ACTIVITY: Reproduce exactly, with no pictures, each line from the opening of the material down through the line containing "Mnelaeopli Manual Trigger".

EXERCISE DATA:

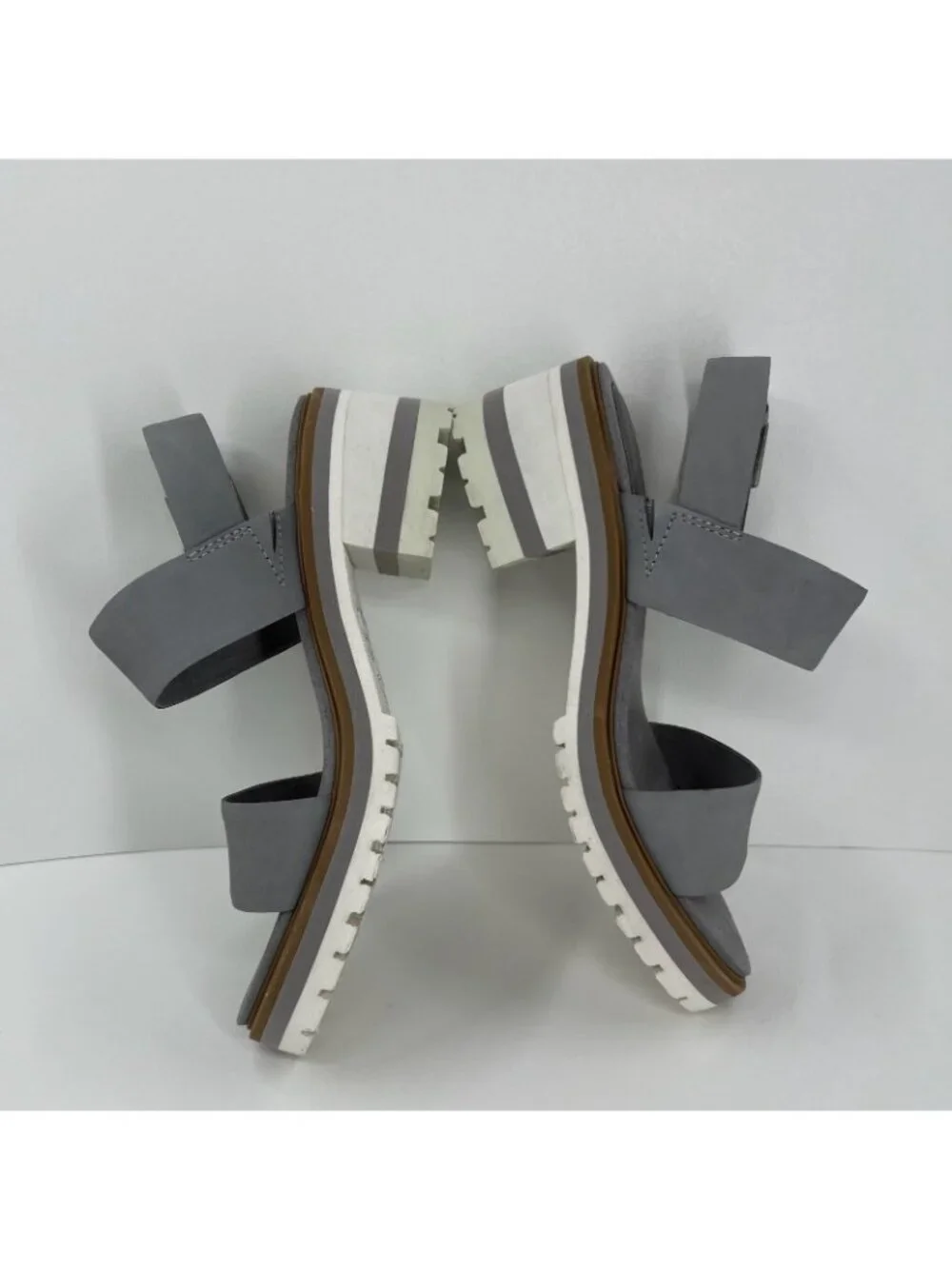 Timberland Violet Marsh 2-Band Sandals Womens 8.5 Nubuck Leather Block Heel Gray - Picture 7 of 13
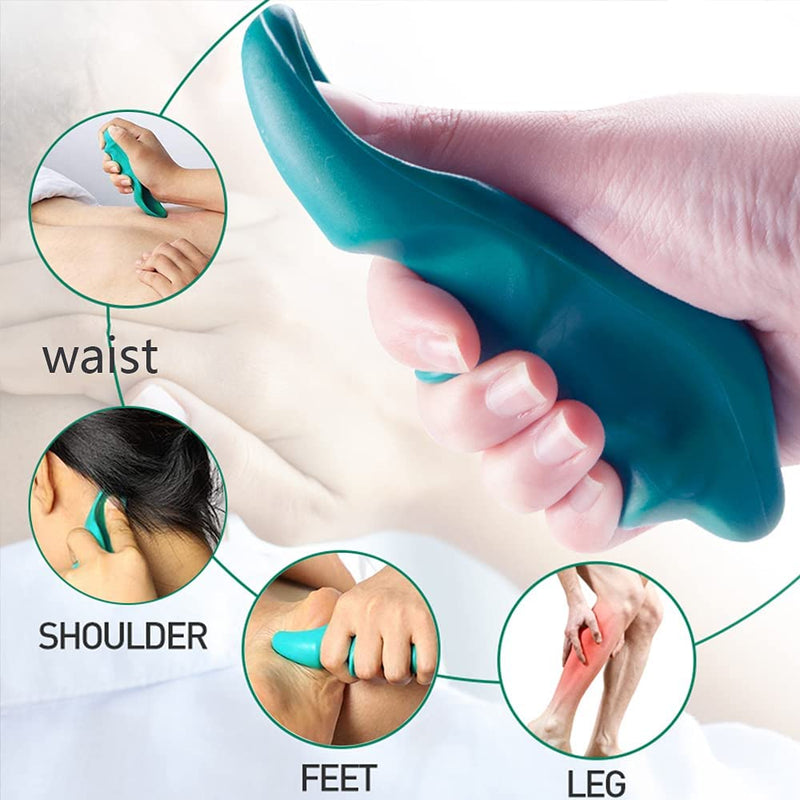 Mnelaeopli Manual Trigger Point Massage Tool and Thumb Massager for Full Body Deep Tissue Massage, Pressure Point Massage Tool Gifts, with 2 Pieces Finger Ring, Stress Relief and Muscle Recovery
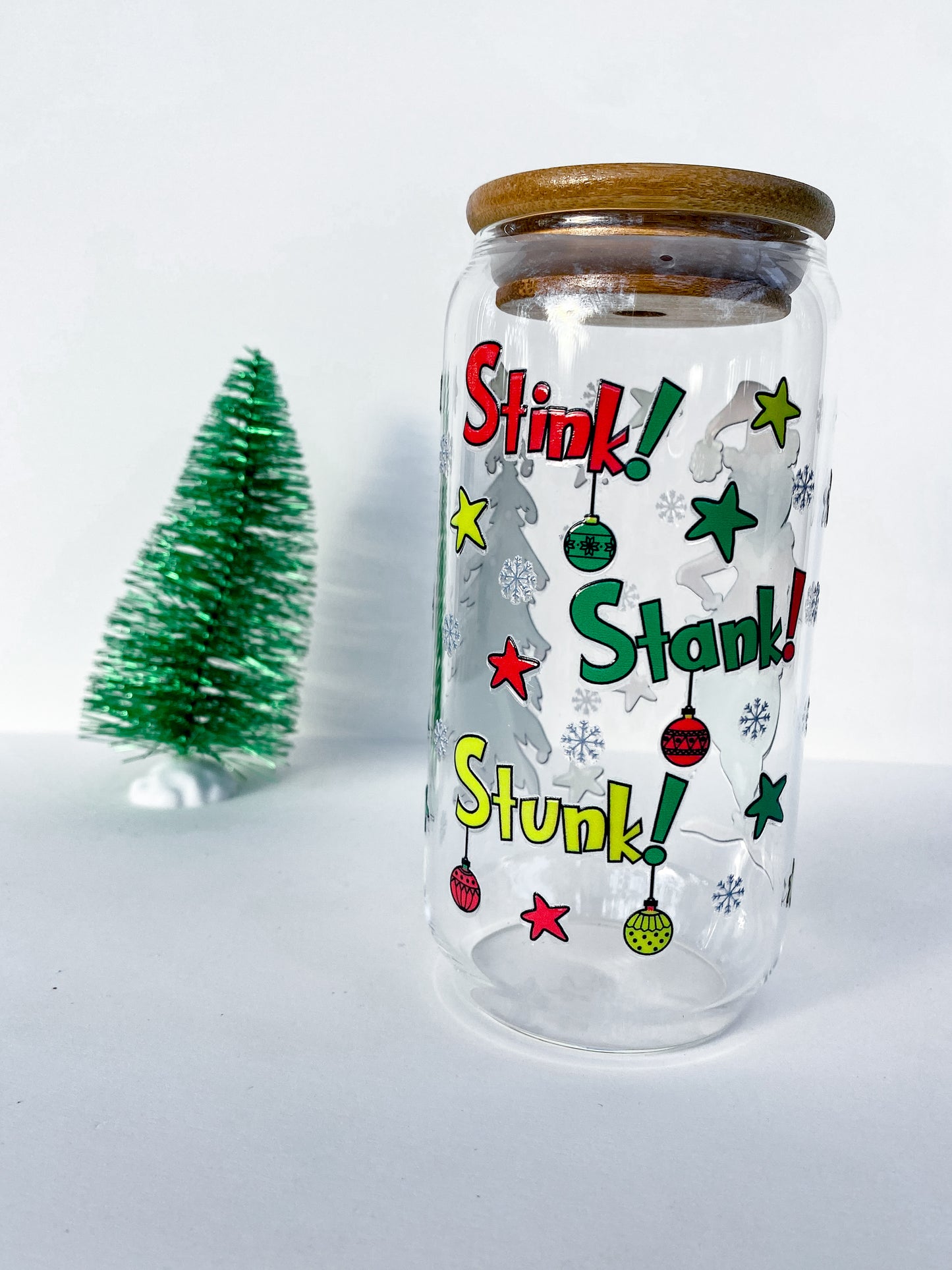 Stink, Stank, Stunk 16 Ounce Glass Cup With Lid and Glass Straw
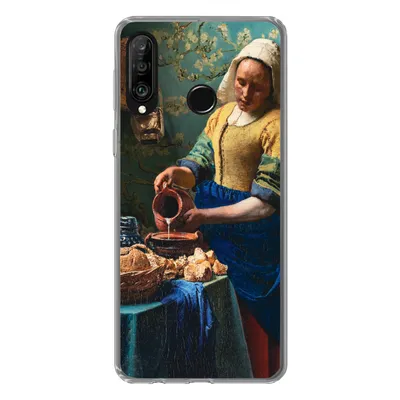 Produktbild von MuchoWow® Handyhülle Schutzhülle Hülle für Huawei P30 Lite Milchmädchen - Mandelblüte - Alte Meister Silikon Softcase Handy Hülle - Handyhülle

PROBLEM SOLUTION:
 Timberland Violet Marsh 2-Band Sandals Womens 8.5 Nubuck Leather Block Heel Gray - Picture 7 of 13
 Mnelaeopli Manual Trigger Point Massage Tool and Thumb Massager for Full Body Deep Tissue Massage, Pressure Point Massage Tool Gifts, with 2 Pieces Finger Ring, Stress Relief and Muscle Recovery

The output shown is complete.